SooperKanoon Citation

Court

Customs Excise and Service Tax Appellate Tribunal CESTAT Delhi

Decided On

Reported in

(1998)(97)ELT544TriDel

Appellant

Anupshikha Industries

Respondent

Collector of Central Excise

Excerpt:


.....were manufacturing automobile head lamps and accessories, claiming the benefit of notification no. 77/83-c.e., dated 1-3-1983. they were also manufacturing similar goods for m/s. autolite (india) ltd. bearing the brand name 'autopal'. this was in terms of an agreement between the two parties whereby m/s. autolite were to reimburse the costs and m/s. anupshikha were to pay some royalty to m/s. autolite. the show cause notice dated 30-8-1984 was issued claiming that during the period november, 1983 to july, 1984, the benefit of this notification was wrongly claimed insofar as clearances of the goods under the brand name 'autopal' were concerned. the additional collector, after hearing the assessees, passed the impugned order confirming the demand of rs. 1,34,044.28 resulting in the present appeal coming up before us.2. we have heard shri k.k. anand, ld. advocate for the appellants and shri satnam singh, ld. sdr for the revenue.3. we have considered the rival submissions and have also seen the subject notification. the notification exempts first clearances from one or more factories of goods by or on behalf of a manufacture not exceeding rs. 30 lakh in a financial year. the.....

Judgment:


1. The appellants were manufacturing Automobile Head Lamps and Accessories, claiming the benefit of Notification No. 77/83-C.E., dated 1-3-1983. They were also manufacturing similar goods for M/s. Autolite (India) Ltd. bearing the brand name 'Autopal'. This was in terms of an agreement between the two parties whereby M/s. Autolite were to reimburse the costs and M/s. Anupshikha were to pay some royalty to M/s. Autolite. The show cause notice dated 30-8-1984 was issued claiming that during the period November, 1983 to July, 1984, the benefit of this notification was wrongly claimed insofar as clearances of the goods under the brand name 'Autopal' were concerned.
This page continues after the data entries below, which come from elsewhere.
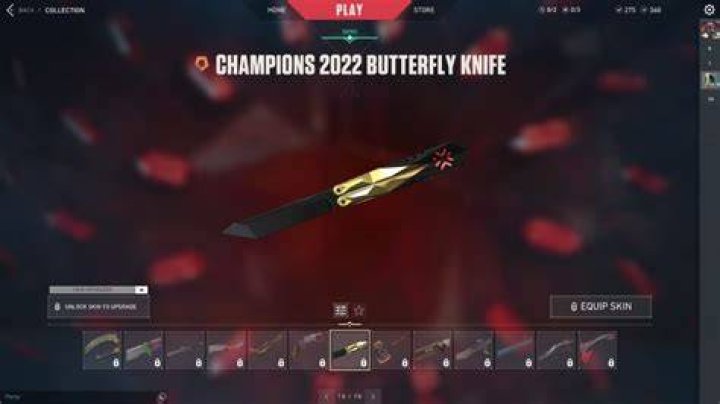 How much is the butterfly knife in valorant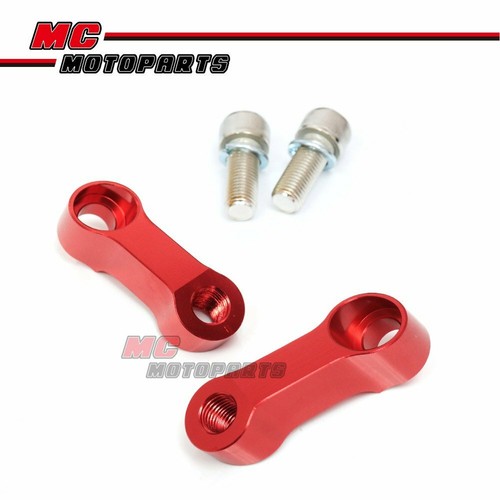 Extensor de montaje elevador de espejo de aluminio para Honda CB1000R Rebel 300 500 CTX1300 - Imagen 3 de 12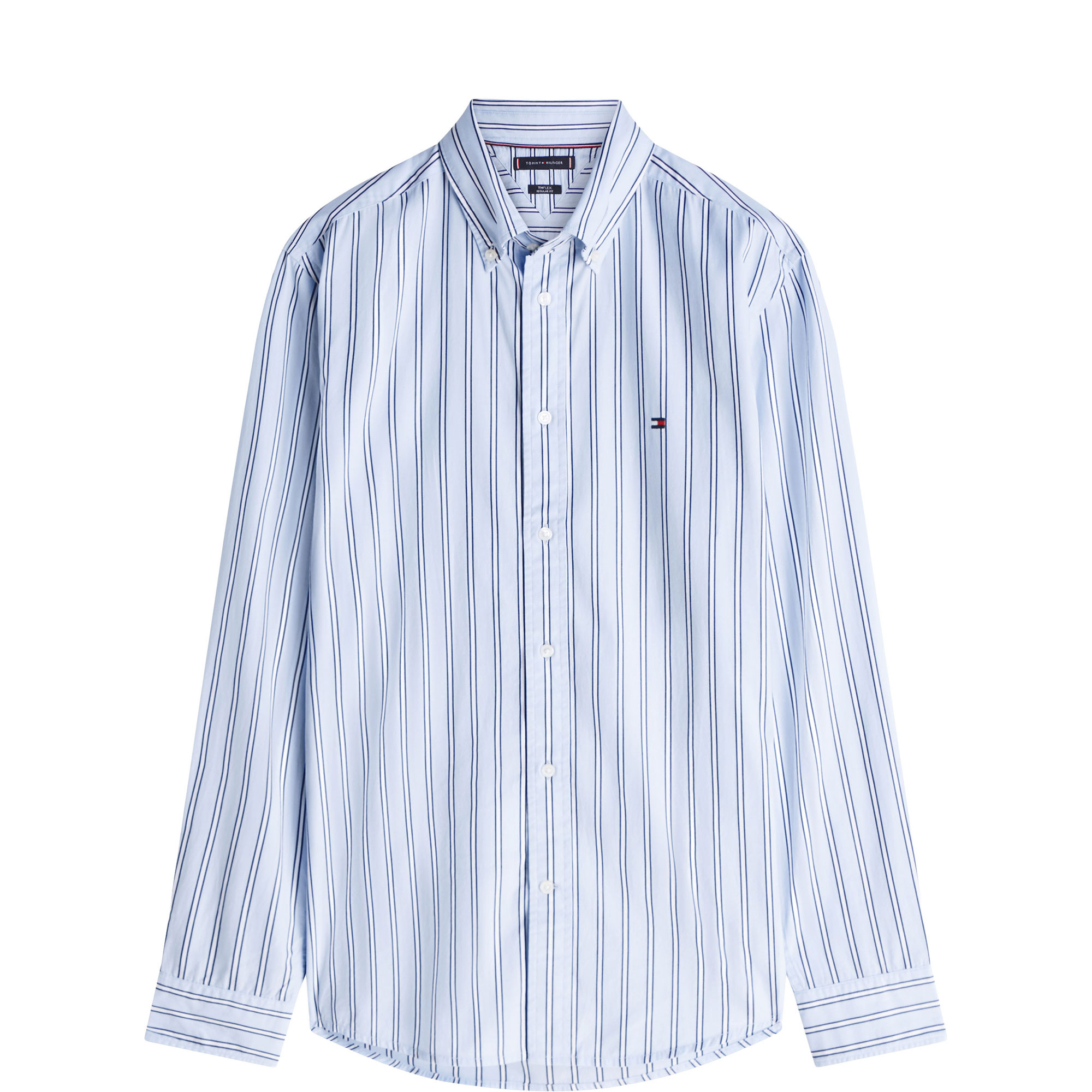 Flex Flag Logo Regular Fit Striped Shirt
The Additional Collector, after hearing the assessees, passed the impugned order confirming the demand of Rs. 1,34,044.28 resulting in the present appeal coming up before us.
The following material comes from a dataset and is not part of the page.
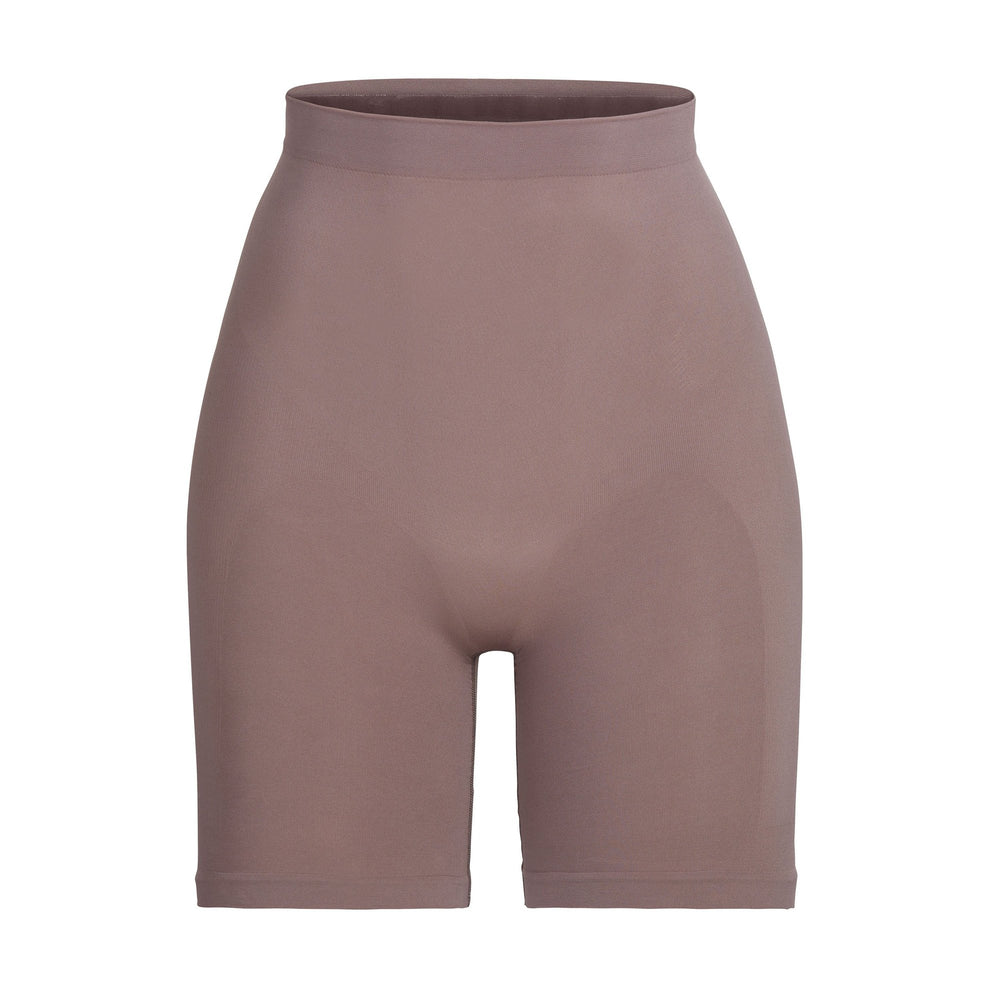 Short Skims SCULPTING MID THIGH W/ OPEN GUSSET Marron | 732LKRQTW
2. We have heard Shri K.K. Anand, ld. Advocate for the appellants and Shri Satnam Singh, ld. SDR for the Revenue.

3. We have considered the rival submissions and have also seen the subject notification. The notification exempts first clearances from one or more factories of goods by or on behalf of a manufacture not exceeding Rs. 30 lakh in a financial year. The notification does not qualify in any manner clearances of those goods, which bear the brand name of another manufacturer or trader. Therefore, for the benefit of this notification to be claimed, it was not material whether the goods, so cleared, bore the brand name of the actual manufacturer or of another manufacturer or trader. In the show cause notice, the facts have been narrated and the allegation of non-levy has been made. The show cause notice does not explain how the charges sustain. In his order, the Additional Collector has spoken of the relationship between these two manufacturers. He calls the relationship as "special relationship" in which M/s. Autolite (India) Ltd. were exercising full powers and control. The show cause notice, however, does not allege that for calculating the value of the first clearances, the clearances of both the assessees should be chibbed together. It is nobody's claim that the present appellants were not the manufacturers of the goods. It is also not denied that the goods bore the brand name of some other manufacturer. But in the absence of any prohibition in the notification, value of such clearances cannot be excluded from the ambit of the notification. It is true that the present appellants were manufacturing goods on behalf of somebody else, but the manufacture was still by them. The show cause notice was not issued to the brand name owners and, therefore, the fact that the goods were manufactured on their behalf, is not material for interpreting the benefit of this notification.

4. In view of our finding that the benefit of the notification could not be denied to the present appellants, we allow this appeal, set aside the impugned order and direct consequential relief to the extent warranted.